Mr. Tenet is at his most convincing when he relates, in detail, how the White House came to use the famed “sixteen words” pertaining to Iraq’s quest for yellow cake from Niger. He and other agency officers repeatedly told the White House the information could not be validated. Nonetheless, the yellow cake reference got into Bush’s 2002 State of the Union address. Mr. Tenet makes a strong case that the White House, caught in a major political embarrassment, chose to make him the scapegoat.

Thus Mr. Tenet’s nine-year run as DCI ended unhappily. He thought back to advice given him by Sen. David Boren (R-Okl.), a mentor and former chair of the Senate Intelligence Committee. In 2001, Mr. Boren advised Mr. Tenet to remain as DCI for six months to help the Bush administration get up to speed.
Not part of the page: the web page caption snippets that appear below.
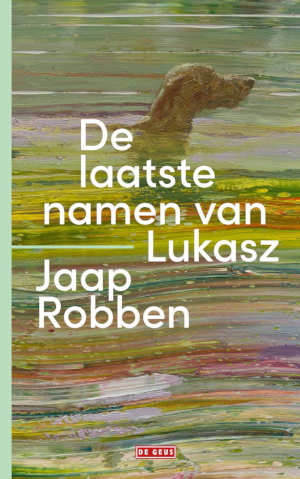 Jaap Robben De laatste namen van Lukasz recensie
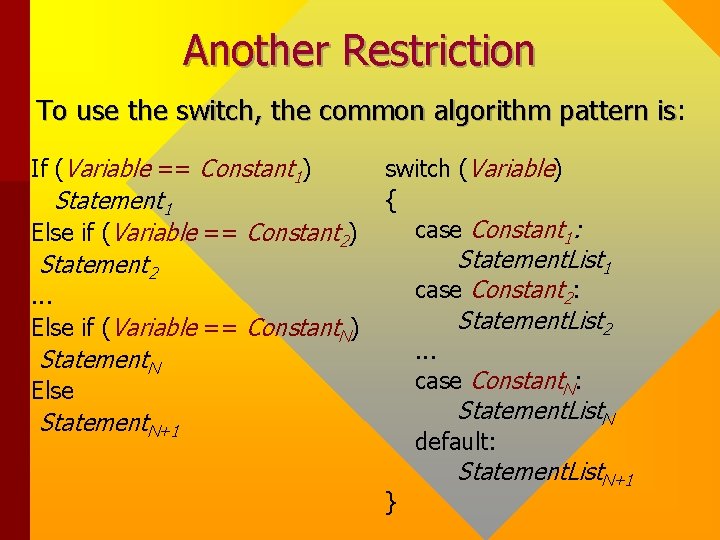 Another Restriction To use the switch, the common algorithm pattern is: is If (Variable Another Restriction To use the switch, the common algorithm pattern is: is If (Variable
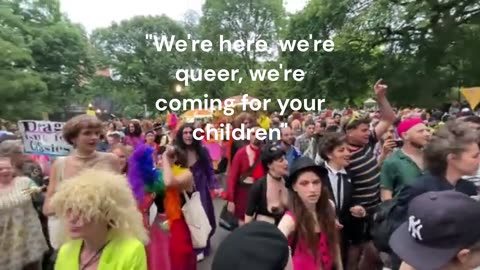 Pride Marchers: "We're Coming for Your Children!"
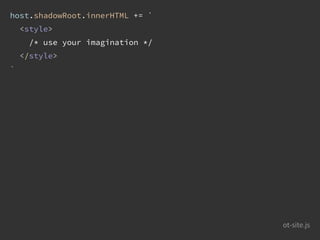 host.shadowRoot.innerHTML += `
<style>
/* use your imagination */
</style>
`
ot-site.js
 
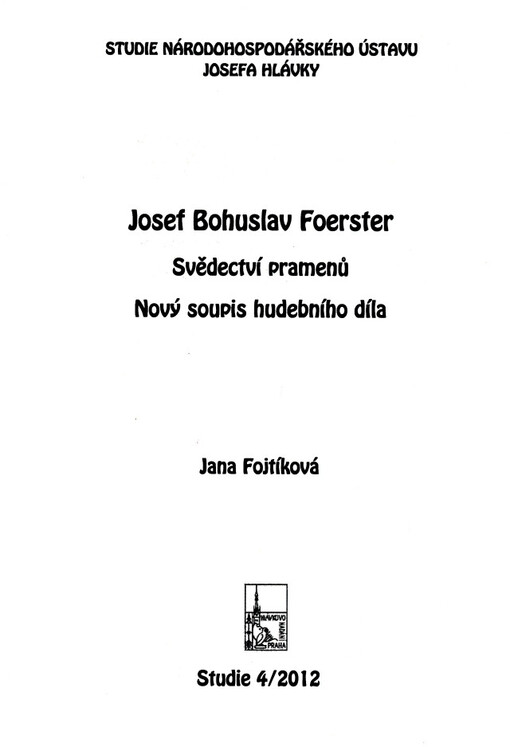 Josef Bohuslav Foerster :svědectví pramenů : nový soupis hudebního díla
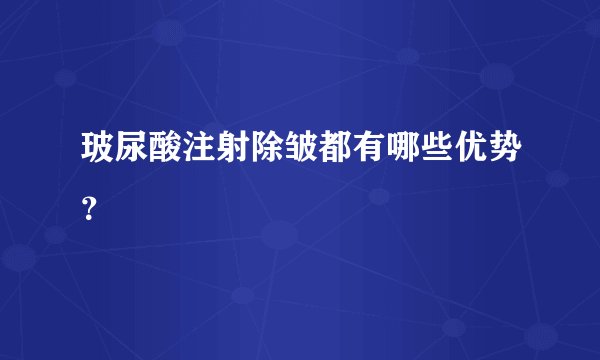 玻尿酸注射除皱都有哪些优势？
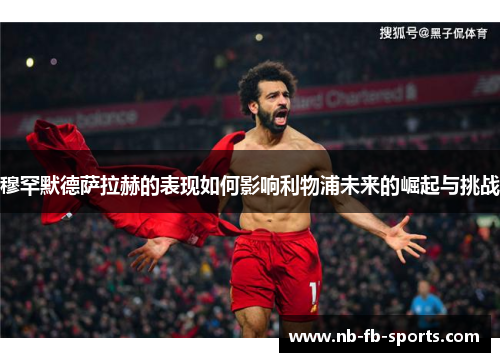 穆罕默德萨拉赫的表现如何影响利物浦未来的崛起与挑战 穆罕默德萨拉赫的表现如何影响利物浦未来的崛起与挑战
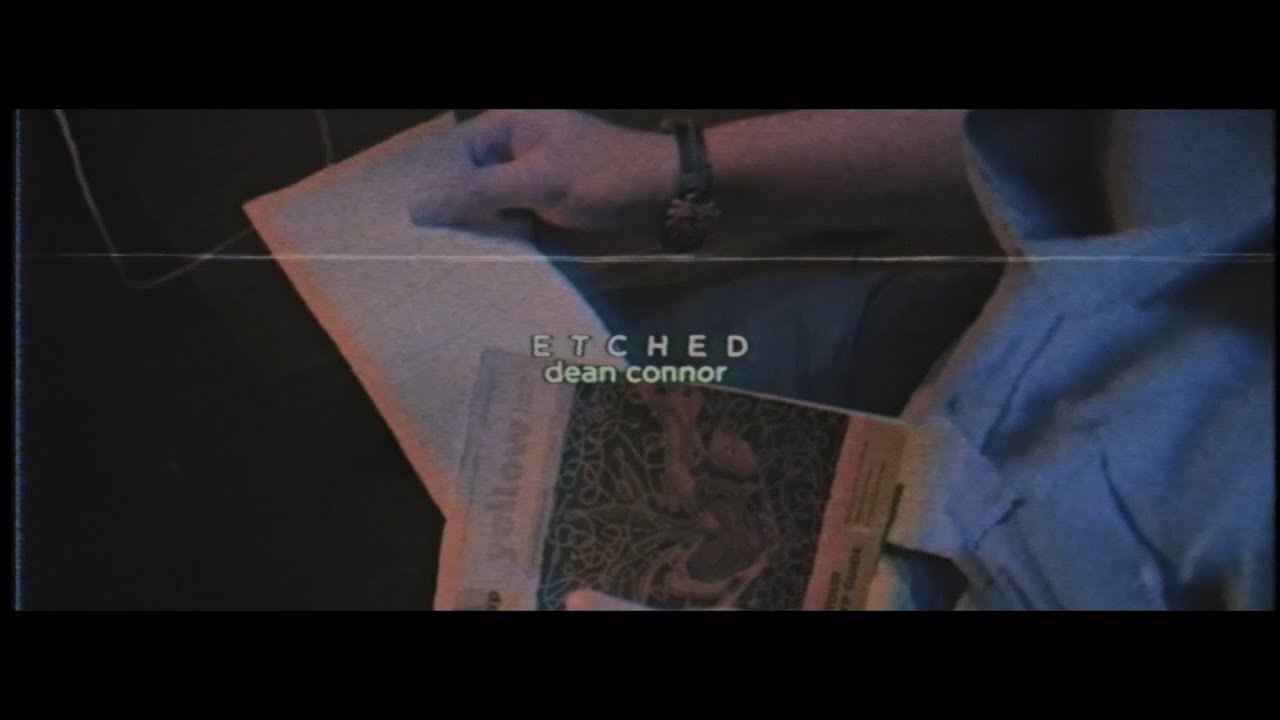 Dean Connor  - Etched ft. Jeh Gonzales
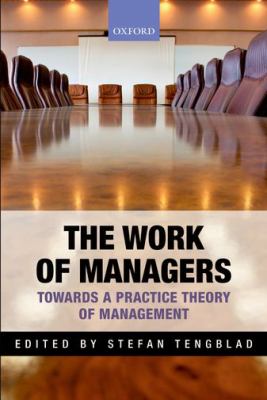 The Work of Managers : Towards a Practice Theory of Management
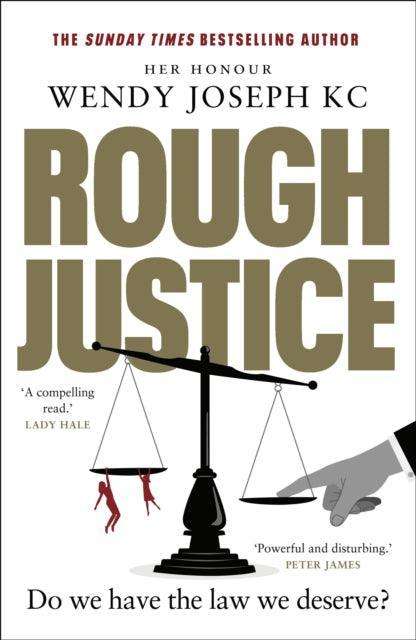 Rough Justice : Do we have the law we deserve? - The Cleeve Bookshop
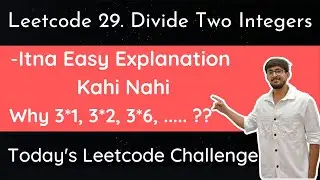 Leetcode 29 Divide two integers | Very Easy Explanation | Hindi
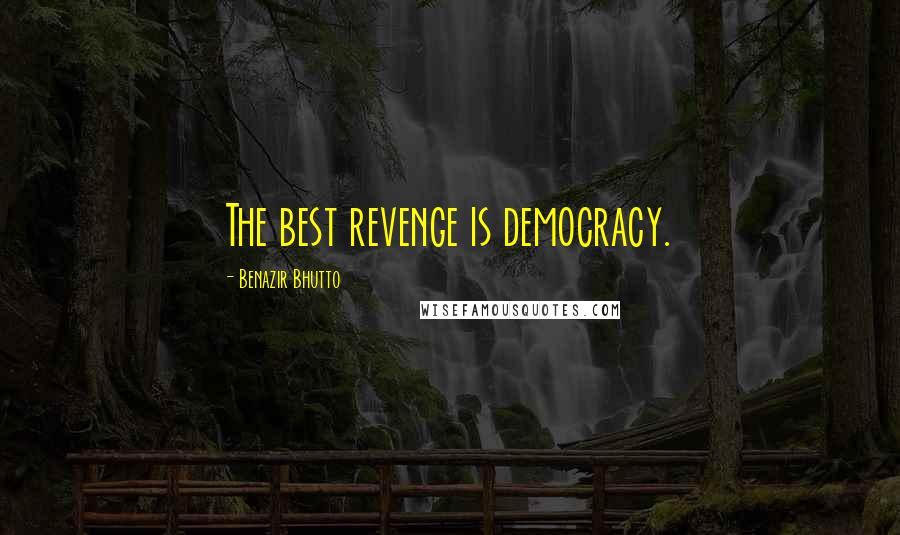 Benazir Bhutto Quotes: The best revenge is democracy.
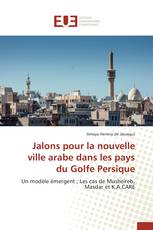 Jalons pour la nouvelle ville arabe dans les pays du Golfe Persique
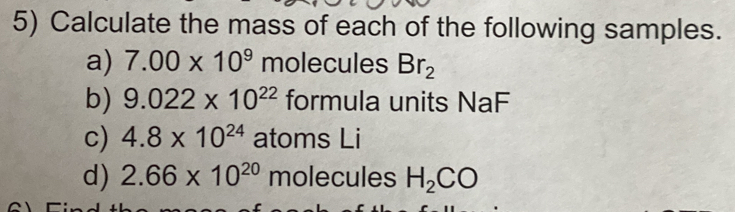 Calculate the mass of each of the following samples. 
a) 7.00* 10^9 molecules Br_2
b) 9.022* 10^(22) formula units NaF 
c) 4.8* 10^(24) atoms Li 
d) 2.66* 10^(20) molecules H_2CO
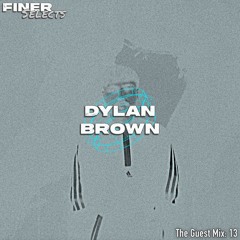 The Guest Mix: Dylan Brown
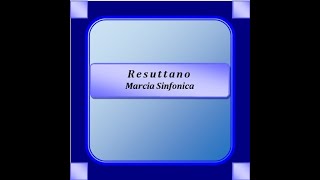 quotResuttanoquot  Marcia Sinfonica  S Prisinzano [upl. by Ennasil838]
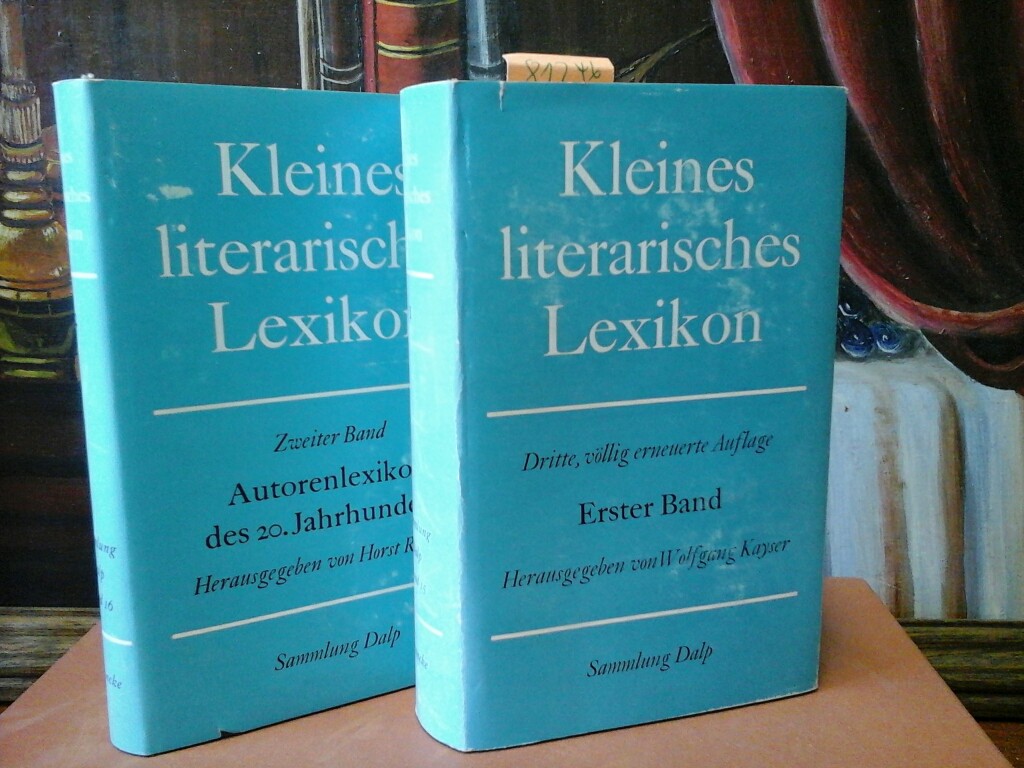 KAYSER, WOLFGANG und HORST RDIGER (Hrsg.): Kleines Literarisches Lexikon. [In zwei Bnden.] Dritte /3./ vllig erneuerte Auflage.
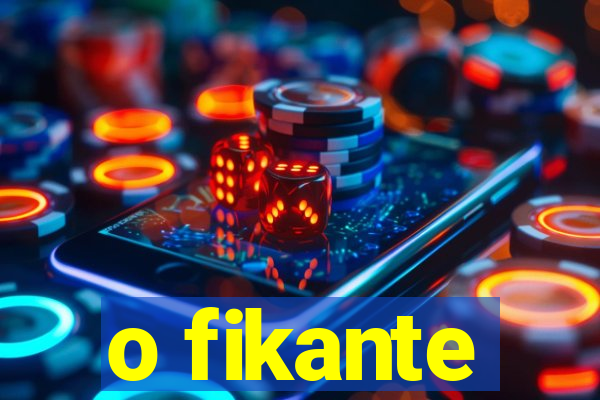 o fikante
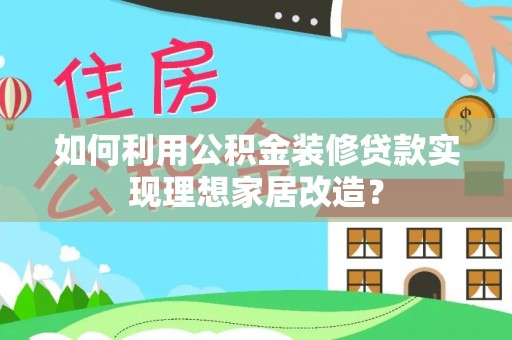 江东如何利用公积金装修贷款实现理想家居改造？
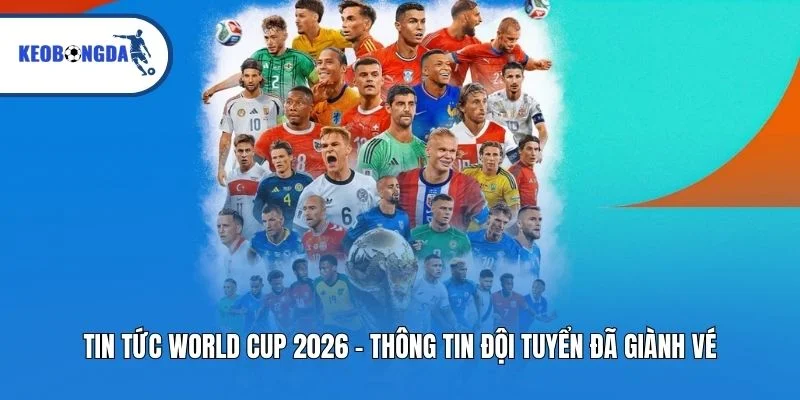Tin tức World Cup 2026 – thông tin đội tuyển đã giành vé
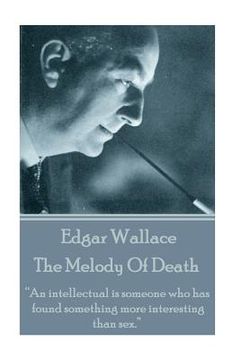 portada Edgar Wallace - The Melody Of Death: "An intellectual is someone who has found something more interesting than sex." (in English)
But he added, “Be careful, you are not one of the inner circle going back to the campaign. It doesn’t matter how the president may feel; if it suits that group, they will throw you overboard.”

One must feel a twinge of sympathy for the way Mr. Tenet was run out of office. He has the reputation of being a decent man who deserved a more graceful exit. But the facts remain that (A) he was not an intelligence professional and (B) he was not strong enough a DCI to do the job.

Joseph C. Goulden is writing a book on Cold War intelligence. His e-mail is [email protected]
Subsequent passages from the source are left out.